En una medicina en constante expansión, con aparatología más costosa y tratamientos más sofisticados, con una expectativa de vida más alta y una exigencia de resultados relacionada con un aumento de la litigiosidad, resulta cada vez más difícil el cálculo de costos para asegurar una atención acorde a los requerimientos y expectativas de las personas.
Los médicos se han convertido en el factor de ajuste en el costo de la salud.
En esta pandemia muchas prepagas se sentaron sobre sus ingresos con poca intención de compartir lo que ellos estimaban que era su ganancia. Fue así como, a pesar del aumento de los costos de la atención en el ámbito COVID-19, existió una reticencia a cubrir las erogaciones de la nueva normalidad de atención: barbijos, máscaras, alcohol y, sobre todo, el distanciamiento en turnos que vino a cubrir la telemedicina. Aprovecharon este tiempo pletórico de inflación y aumento del dólar para prolongar sus tiempos de pago, obteniendo así un beneficio financiero.
Días atrás un destacado miembro de una gerenciadora de salud prepaga destacaba el atraso en la actualización de los valores que se le autoriza a transferir a sus afiliados. Efectivamente, el Estado juega a hacerse el distraído en el momento de actualizar valores. No solo acá, sino en el mundo. Lo que ha omitido mencionar este gerenciador es que las prepagas no trasladan todo el aumento concedido sino una fracción. Si el aumento es del 10 por ciento, lo trasladado a los efectores es del 6, 7, 8, o 9 por ciento, y rara vez el aumento en su totalidad. De esta forma los efectores -médicos y clínicas privadas- sufren una constante devaluación de su trabajo y se han convertido en los verdaderos financiadores del sistema de salud.

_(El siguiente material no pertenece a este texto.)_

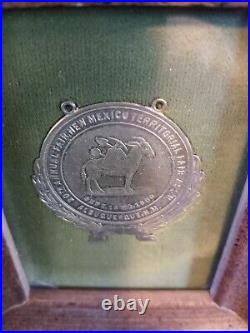 Very Rare New Mexico Territorial State Fair Brass Badge 1900 Albuquerque
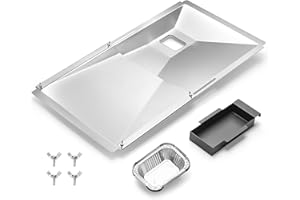 AOREWTGGH Drip Pan fits Nexgrill Parts, Adjustable with Drip Tray Suitable for Dyna Glo, Kenmore BHG, Grill Master, Backyard, Universal Drip Tray for 3/4/5 Burner,Grease Tray for Charbroil Expert Gas Grill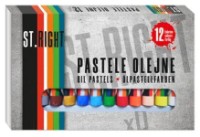 Creioane colorate St.Right (52874) 12pcs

El Rey ha quedado desnudo, el sistema hace agua y los medios son destinados a fines ajenos a la salud. En este contexto, las glorias logradas por la medicina nacional han quedado en el pasado y serán difíciles de recuperar en desmedro de la calidad de atención.
Con perseverancia suicida, los profesionales de la salud continuaremos atando con alambre los harapos del Rey desnudo.